Sure enough, it is worth a chuckle - a sort of Monty Python take on Lord of the Rings, or at least something in that genre; doing what Douglas Adams did but with wizards, dragons, spells, and a flat world balanced upon the backs of four elephants, and doing it better. On close examination, there's not a whole lot of story - slightly incompetent wizard is saddled with an amusingly hapless out-of-towner on a quest without any clear objective, so they're really just going from place to place and getting into trouble until it ends - but the key to the tale is its telling: wonderfully peculiar scenarios, big stupid ideas, and wit that never lets up. It takes the piss out of the genre and its conventions like nothing else, and yet does so without the slightest hint of sneering - possibly by virtue of the obvious affection Pratchett felt for his characters and their ridiculous lives, but also by means of pinning the reality of the Discworld to the logic of physics and specifically certain aspects of quantum theory, lending everything a sense of veracity which seems absent from most things involving dwarves, quests, and talking swords; and most important of all, it's very, very funny without feeling like it has to crack jokes all the bleeding time.

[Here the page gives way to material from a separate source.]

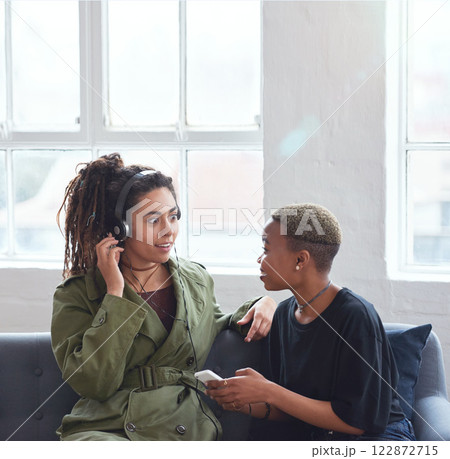 female friends using smartphone listening to music at home with woman wearing headphones female friends using smartphone listening to music at home with woman wearing headphones 122872715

The only problem, at least for me, was that Terry Pratchett's detail is so rich, so beautifully written, and so convoluted in the service of its farce, that I found it hard to keep track of the story at certain points, of who was who and what they were up to this time. I think this may be more to do with my reading habits - an hour at breakfast and another before I go to sleep - than with the book. I kept coming back to it and finding myself lost, necessitating a skim of previous pages, so I think it may simply be that this sort of thing is better appreciated when read over fewer sittings, with longer periods of time spent on each occasion. I seem to recall the same thought having occurred to me when I read the others.